Scraped caption text data

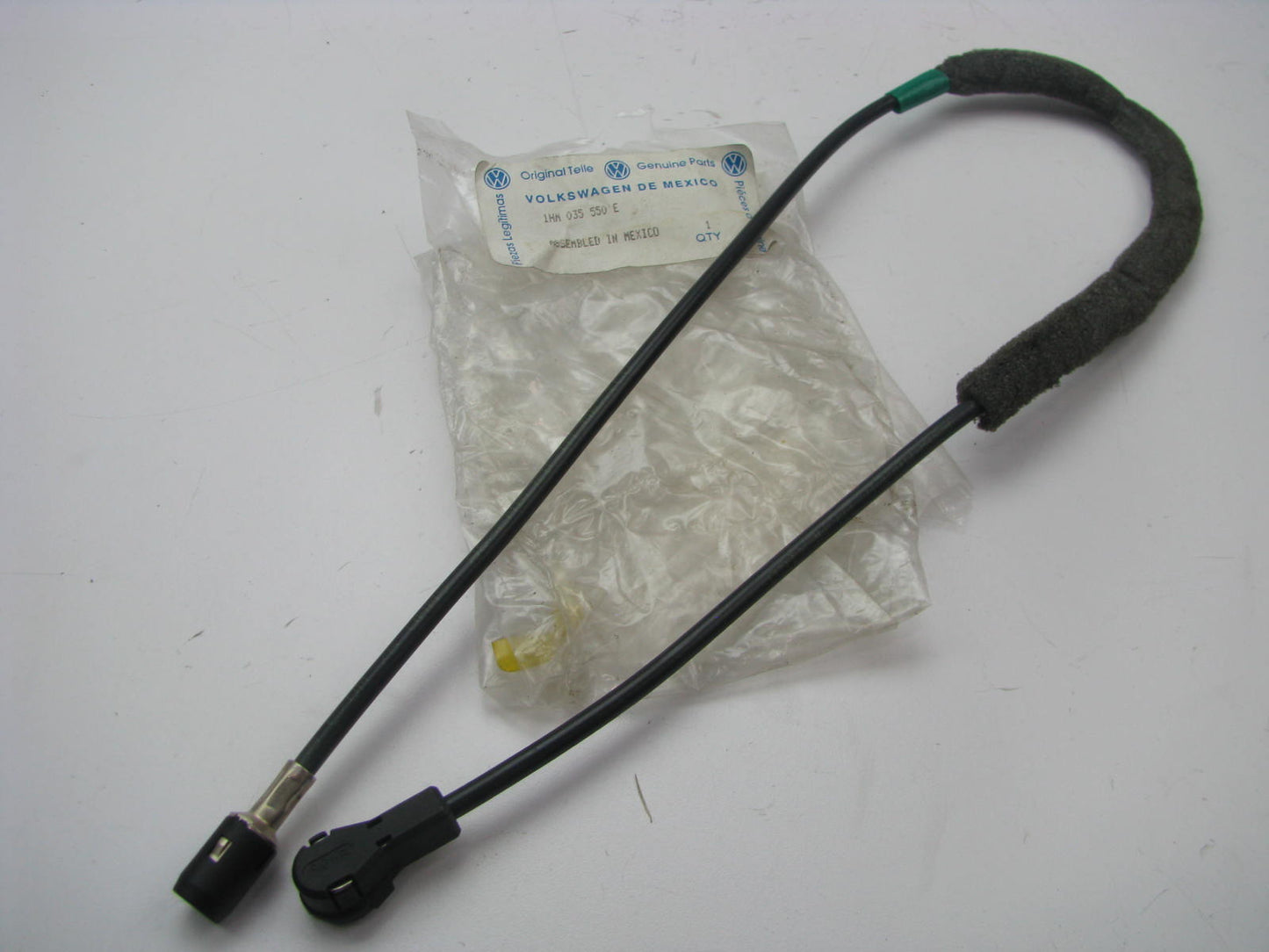 NEW GENUINE VW Audi 1HM035550E Radio Antenna OEM For 1998-1999 VW Golf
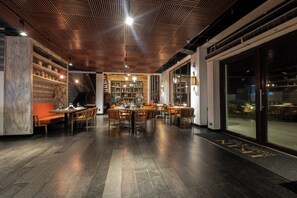 Breakfast, lunch, dinner and brunch served  - Ikin Margarita Hotel & Spa  (Paraguachí)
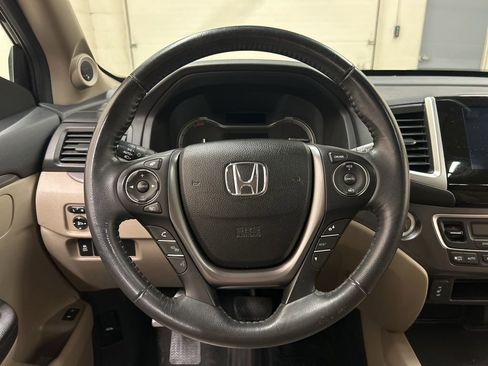 Used 2017 Honda Pilot EX-L image 19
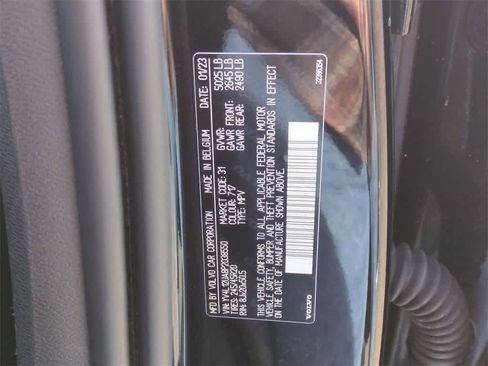 Used 2023 Volvo XC40 B5 Ultimate w/ Protection Package Premier image 35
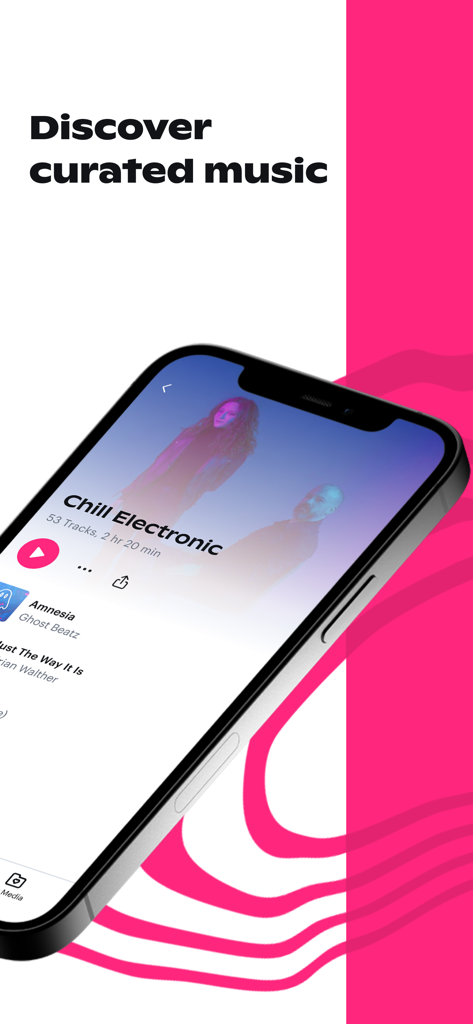 Interfaz de la aplicación móvil Soundstripe mostrando listas de reproducción de música curadas para creadores.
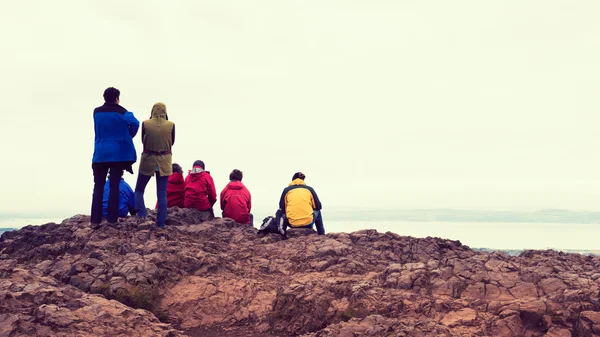 アーサーズの上からエジンバラの家族楽しむビュー シート、古代の火山、スコットランド、英国 — ストック写真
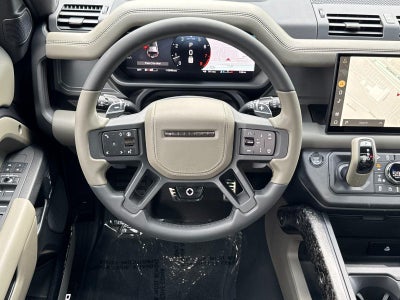 2025 Land Rover Defender OCTA Edition One Urban WideTrack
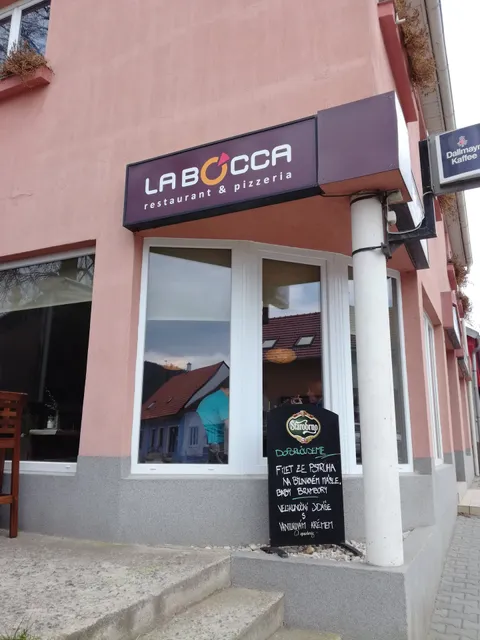 Restaurant & pizzeria La BOCCA
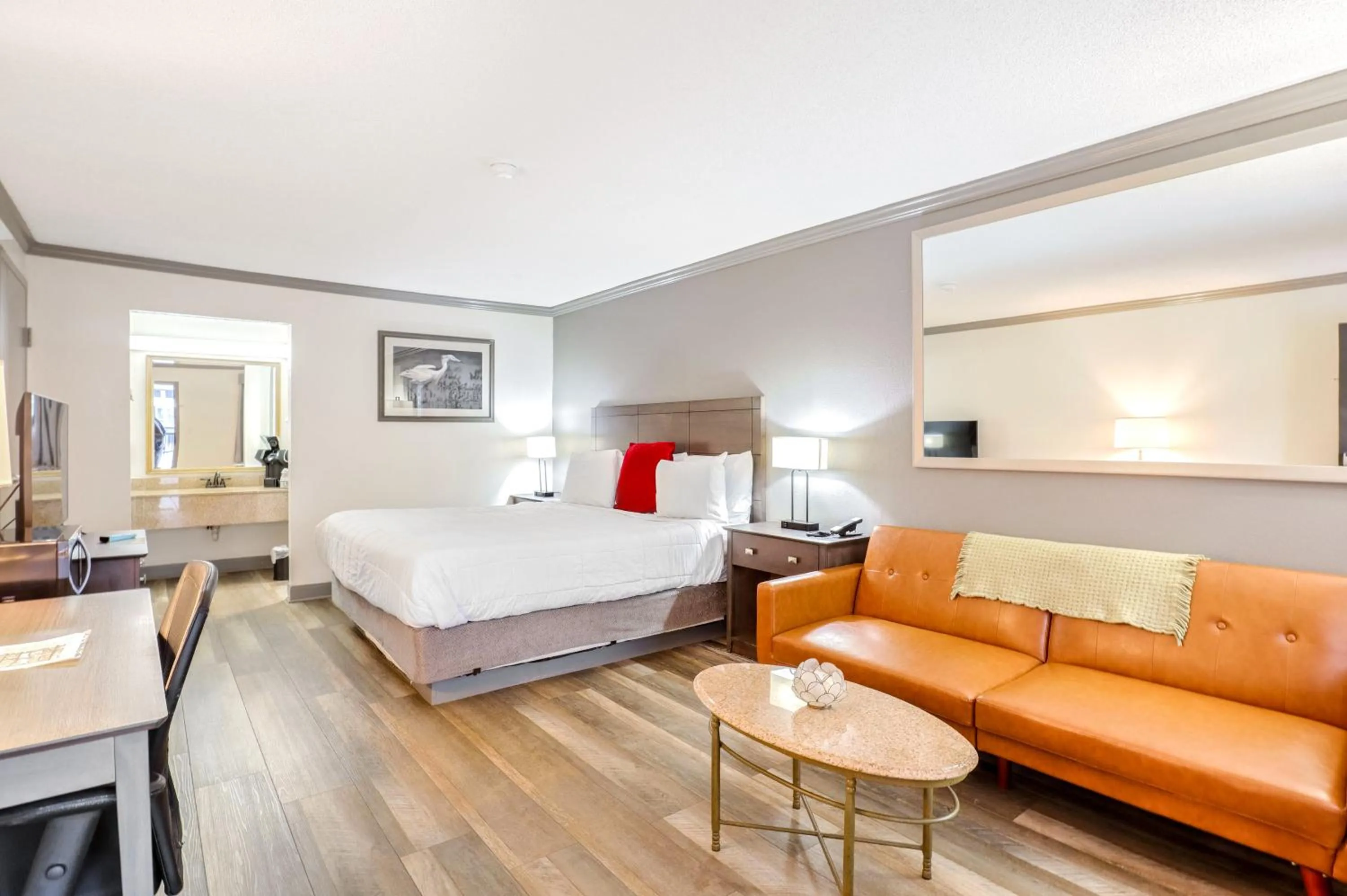 Photo of the whole room, Bed in The Guest Lodge Gainesville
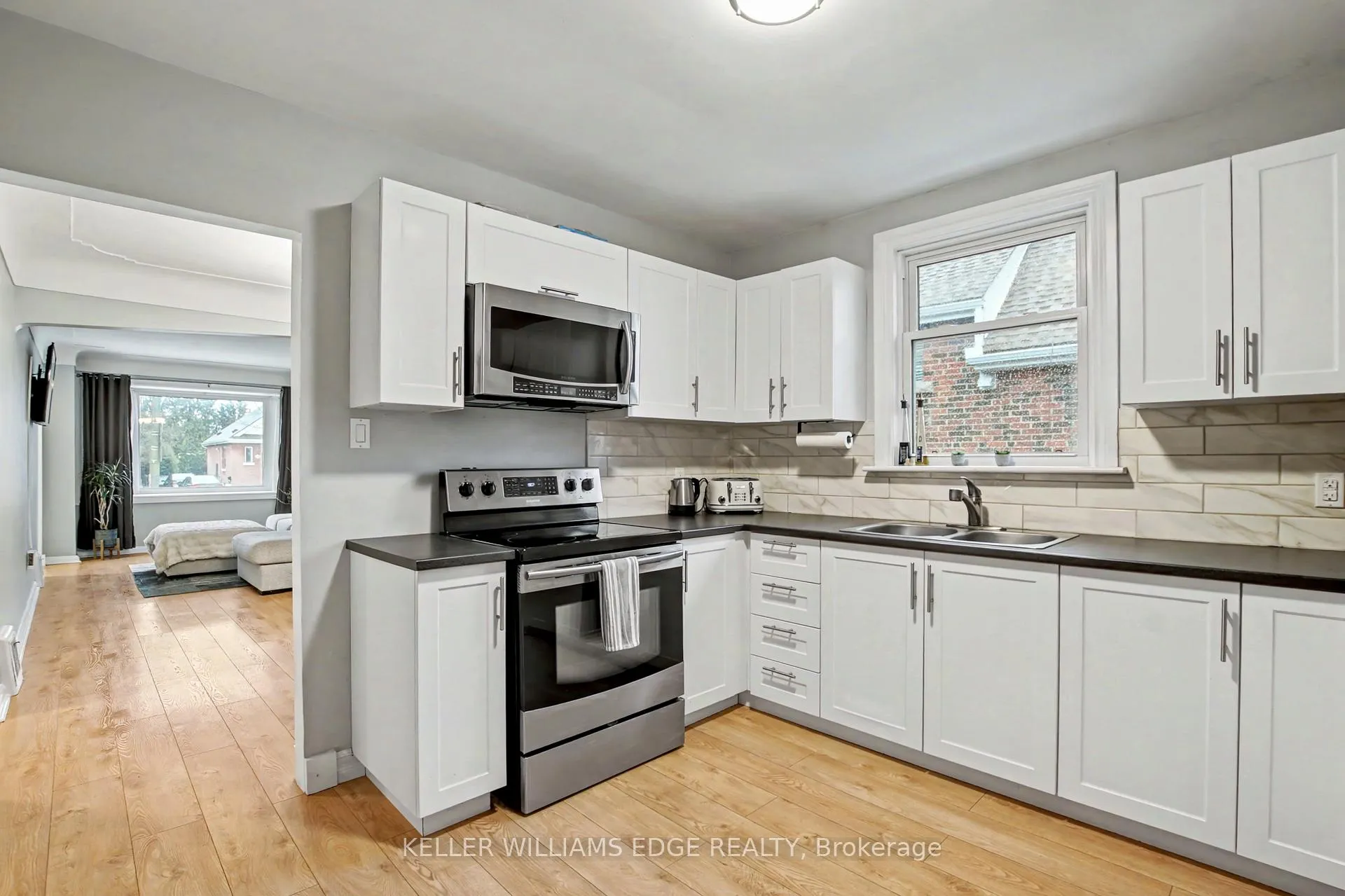 Photo 7 of 179 Parkdale Ave S, Hamilton, Glenview — HOMEH
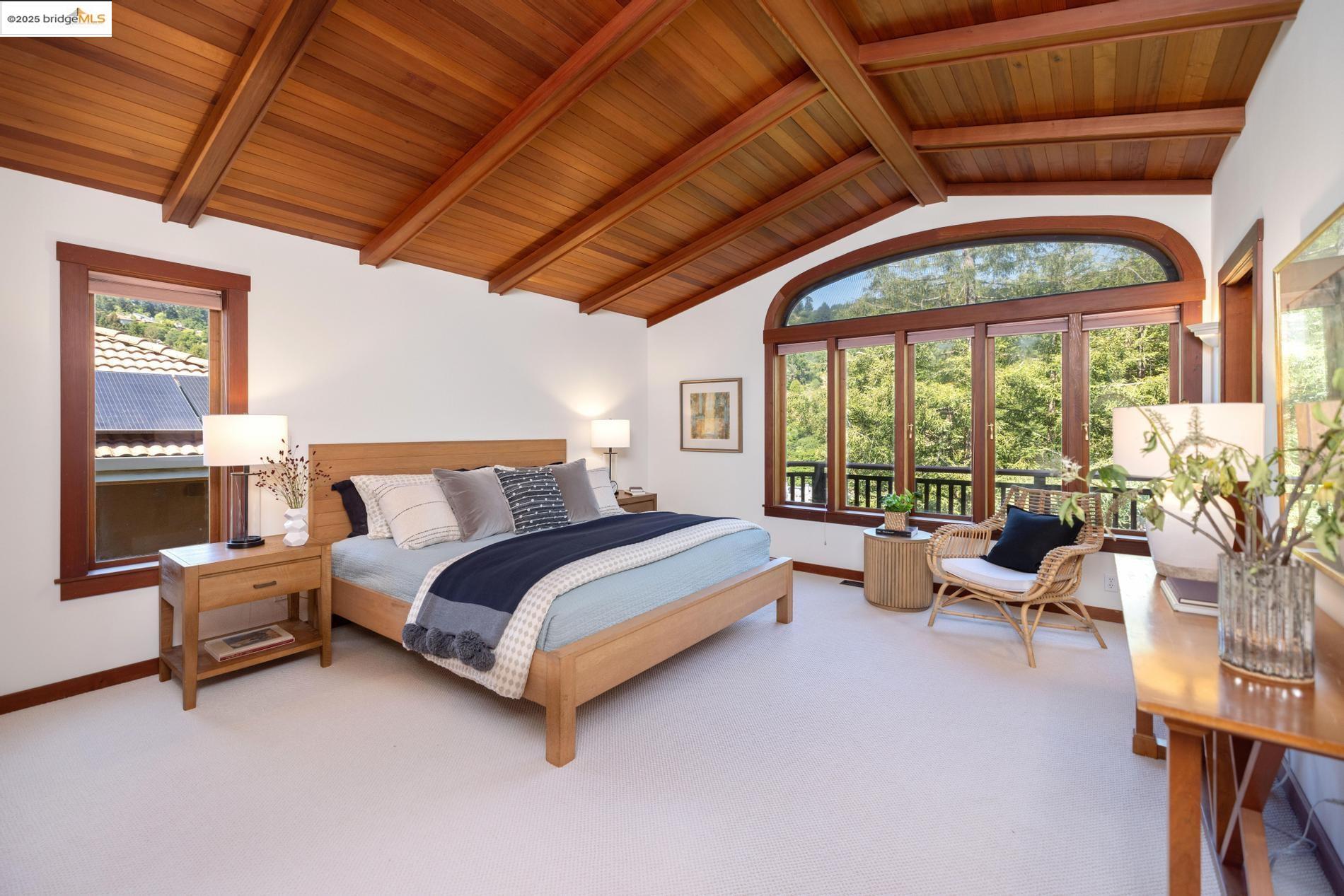 Detail Gallery Image 25 of 60 For 6890 Charing Cross Road, Berkeley,  CA 94705 - 3 Beds | 2/1 Baths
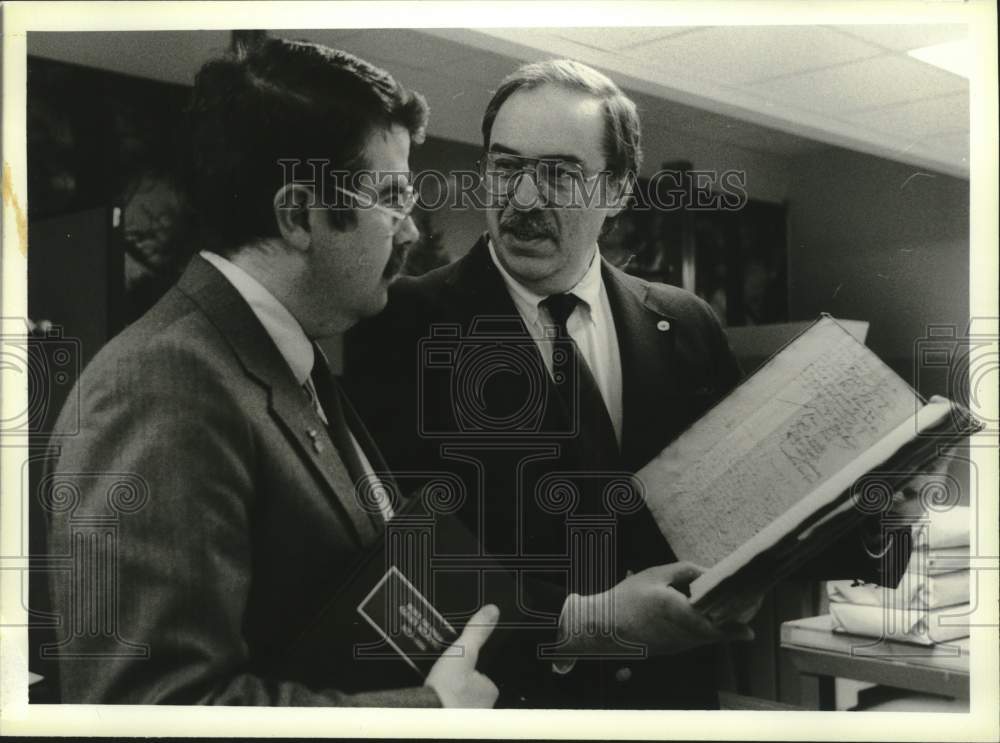 1990 Press Photo Thomas Clingan & Charles Gehring in Albany, New York- Historic Images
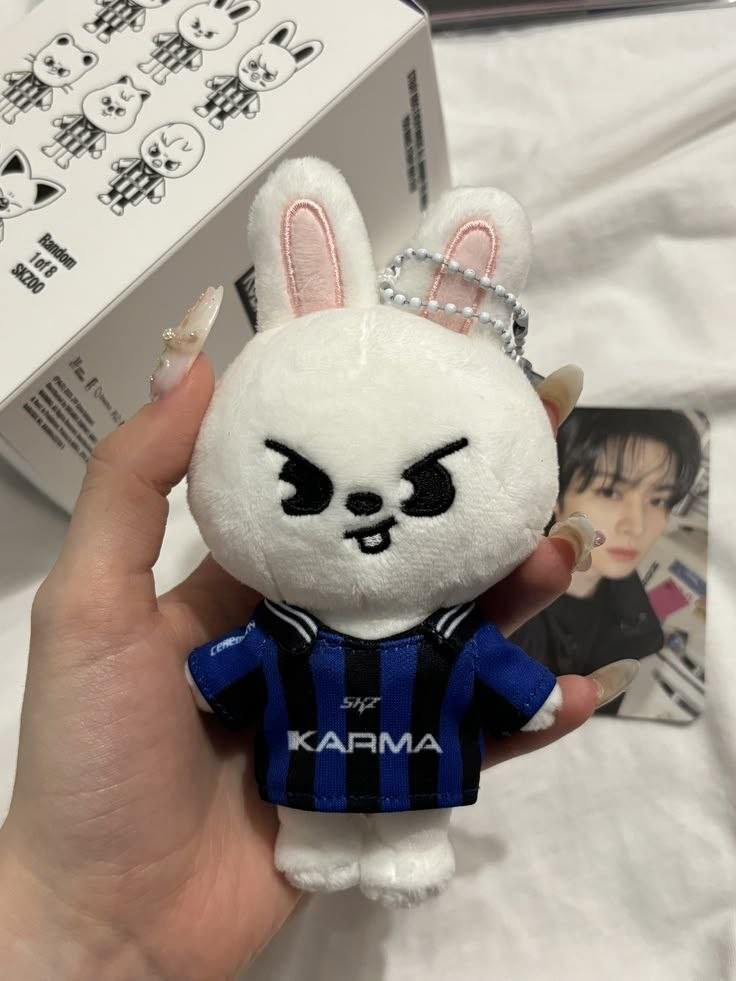 PELUCHE MINI SKZOO KARMA LEEBIT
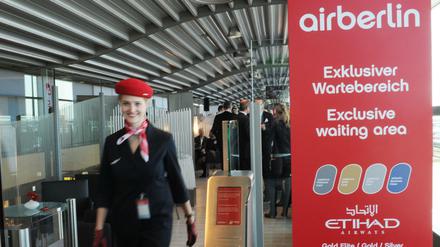 4000 der mehr als 8000 Air-Berlin-Mitarbeiter zählen zum fliegenden Personal.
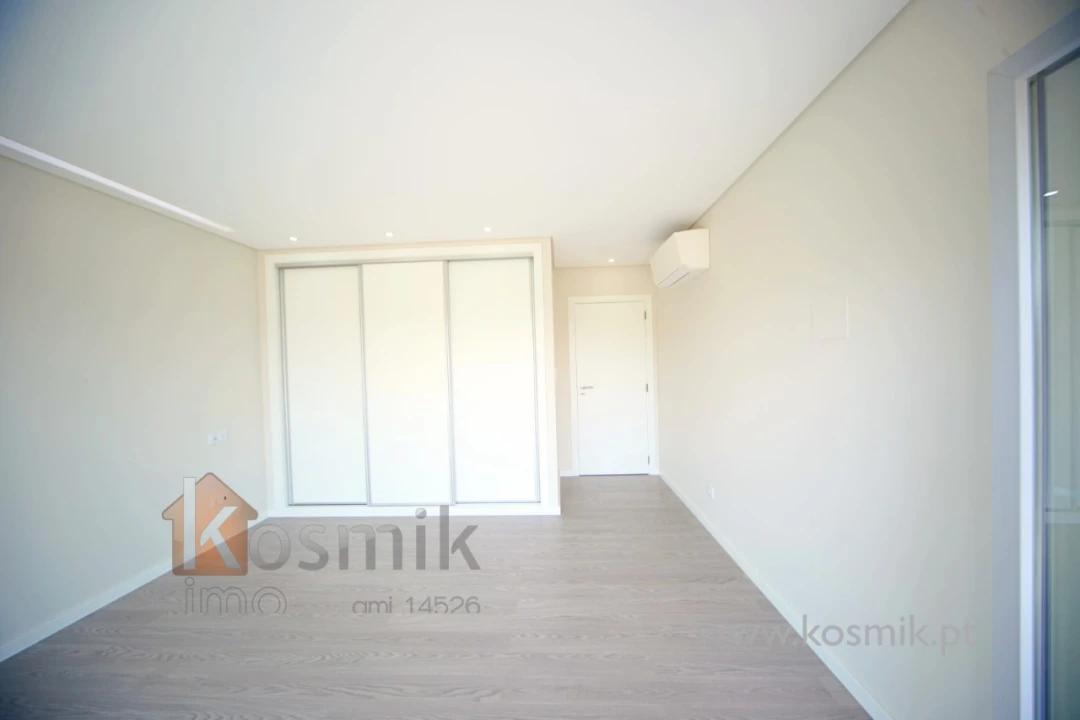 Apartamento T3 para Venda em Póvoa de Santo Adrião e Olival Basto Foto 42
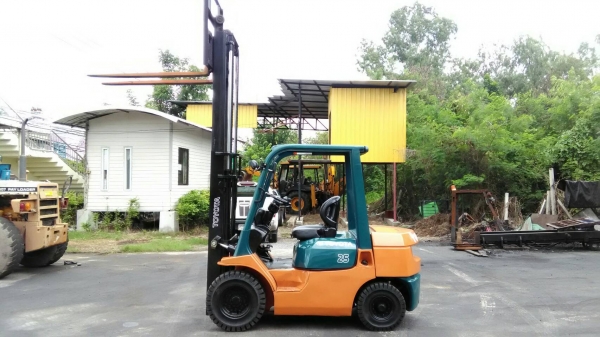 Toyota7fd25ขนาด2.5ตัน เสาสูง3เมตร เกียร์ออร์โต้ เครื่องยนต์ดีเซล2Z2 ราคาต่อรองได้0816161541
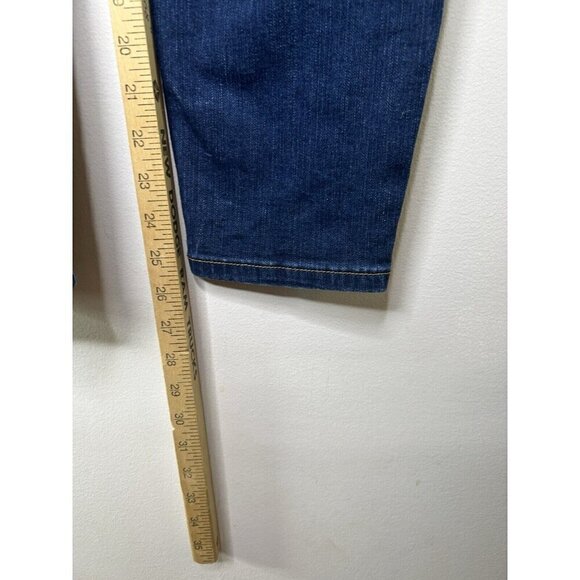 Tahari Jeans Women’s Kelly Mid Rise Skinny Medium Wash Blue Denim Size 16W - Picture 7 of 10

■ **What is expected**: The range to transcribe runs from the line holding "Detail Gallery Image" through the final line of the data above; copy it exactly and exclude the pictures.

■ **Answer for the task**:
 Detail Gallery Image 25 of 60 For 6890 Charing Cross Road, Berkeley,  CA 94705 - 3 Beds | 2/1 Baths
 1990 Press Photo Thomas Clingan & Charles Gehring in Albany, New York- Historic Images
 PELUCHE MINI SKZOO KARMA LEEBIT
 4000 der mehr als 8000 Air-Berlin-Mitarbeiter zählen zum fliegenden Personal.
 Apartamento T3 para Venda em Póvoa de Santo Adrião e Olival Basto Foto 42
 Toyota7fd25ขนาด2.5ตัน เสาสูง3เมตร เกียร์ออร์โต้ เครื่องยนต์ดีเซล2Z2 ราคาต่อรองได้0816161541
 Tahari Jeans Women’s Kelly Mid Rise Skinny Medium Wash Blue Denim Size 16W - Picture 7 of 10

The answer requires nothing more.